Pictures in the entries below are excluded; copy only the lines from the one containing "View of a tobacco" to the one containing "Load image into", both included.
** PROVIDED INFORMATION follows **
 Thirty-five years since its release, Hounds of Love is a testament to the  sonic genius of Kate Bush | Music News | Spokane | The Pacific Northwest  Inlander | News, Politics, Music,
** End of PROVIDED INFORMATION **
** PROVIDED INFORMATION follows **
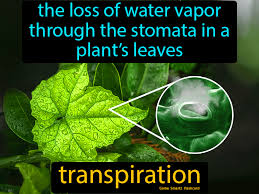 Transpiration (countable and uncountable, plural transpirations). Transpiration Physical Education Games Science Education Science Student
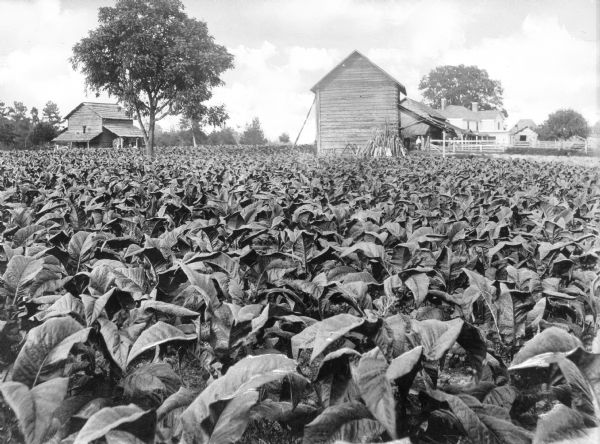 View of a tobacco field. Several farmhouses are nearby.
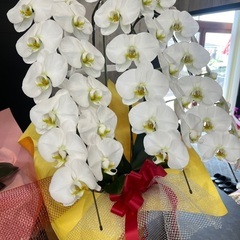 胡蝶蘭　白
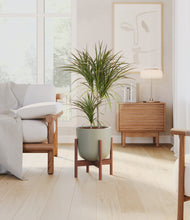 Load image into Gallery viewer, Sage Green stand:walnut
** End of PROVIDED INFORMATION **
** PROVIDED INFORMATION follows **
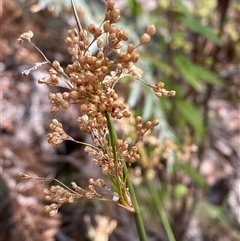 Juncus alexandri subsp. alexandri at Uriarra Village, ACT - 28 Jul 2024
** End of PROVIDED INFORMATION **
• **EXERCISE SOLUTION**
 View of a tobacco field. Several farmhouses are nearby.
 胡蝶蘭　白
 Load image into Gallery viewer, Sage Green stand:walnut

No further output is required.